Skip to content

Markdown Converter

PptxMarkdownConverter turns a parsed PptxData presentation into a Markdown document. It extends the abstract DocumentConverter base and dispatches each element to a dedicated processor (text, image, table, chart, SmartArt, group, media, OLE, ink, fallback).

Constructor and convert

ts
new PptxMarkdownConverter(outputDir: string, options: PptxConverterOptions, fs?: FileSystemAdapter)

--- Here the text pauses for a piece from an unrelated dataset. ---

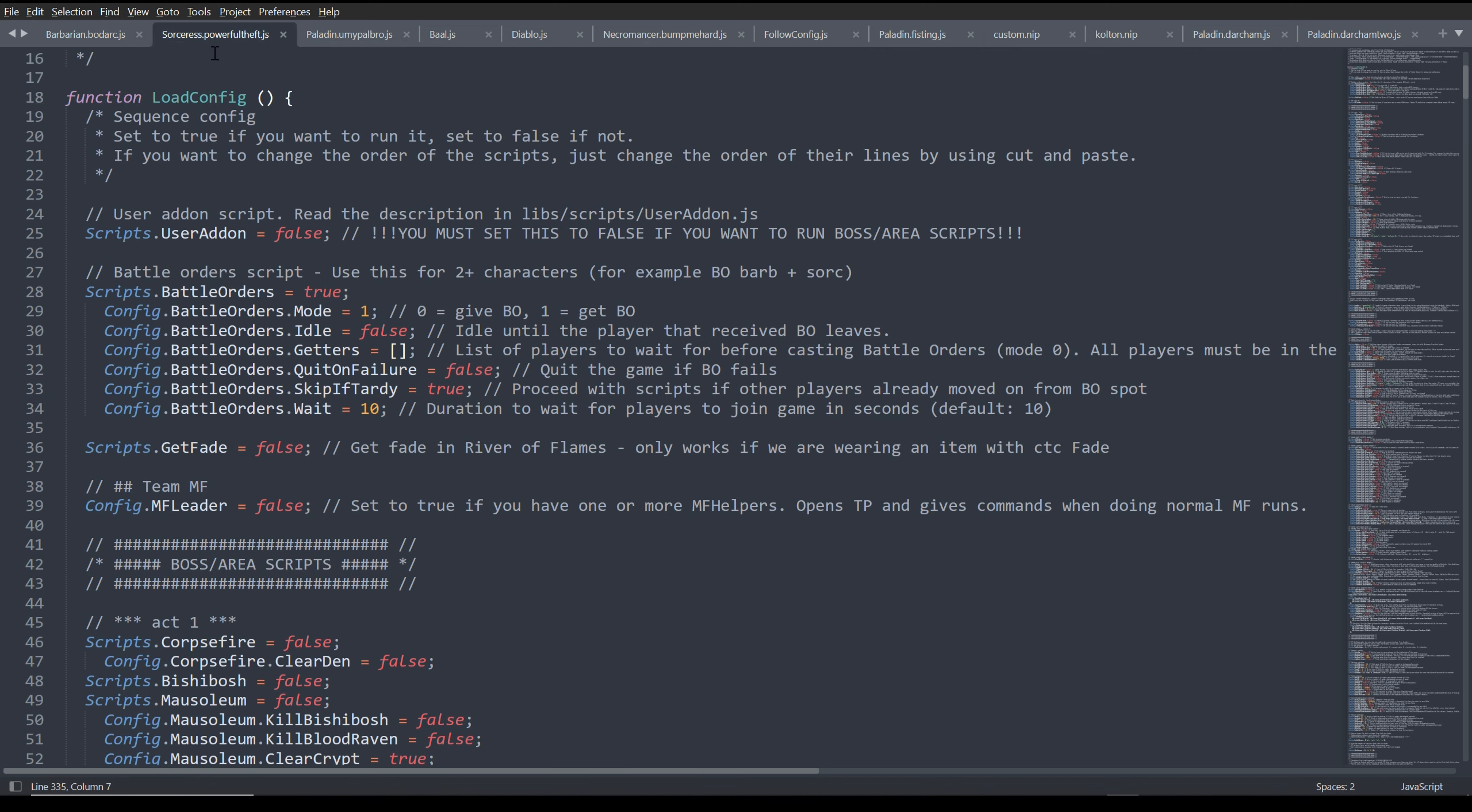So here's the sorceress. Hers is obviously simplified because all you need to do is set it to true and mode 1. And that's it. You don't have to do any of this other stuff here in order for this to work.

.convert(data: PptxData) returns Promise<string> - the complete Markdown.

ts
import { PptxHandler, PptxMarkdownConverter } from 'pptx-viewer-core';

const handler = new PptxHandler();
const data = await handler.load(buffer);

const converter = new PptxMarkdownConverter('/output', {
	sourceName: 'deck.pptx',
	includeSpeakerNotes: true,
	mediaFolderName: 'media',
	includeMetadata: true,
	semanticMode: true,
});

const markdown = await converter.convert(data);

Parse first

The converter takes already-parsed PptxData, not raw bytes - load with PptxHandler (see /core/loading), then convert. To go straight from a file with no setup, the CLI export-md command wraps this for you.

PptxConverterOptions

The options object extends the base ConversionOptions.

FieldTypePurpose
sourceNamestring (required)Human-readable source file name, used in front-matter metadata.
includeSpeakerNotesboolean (required)Append speaker notes as blockquotes below each slide.
mediaFolderNamestring (required)Sub-folder (relative to outputDir) where extracted media is written.
includeMetadataboolean (required)Prepend a YAML front-matter block of document metadata.
semanticModeboolean (optional)true → clean semantic Markdown; false/omitted → CSS-positioned HTML (default).
slideRange{ start?: number; end?: number } (optional)1-based slide subset. Omit to convert all slides.

Semantic vs positioned-HTML mode

The converter has two output strategies:

  • Positioned mode (default, semanticMode: false): emits HTML <div> elements with absolute CSS positioning, preserving slide layout fidelity.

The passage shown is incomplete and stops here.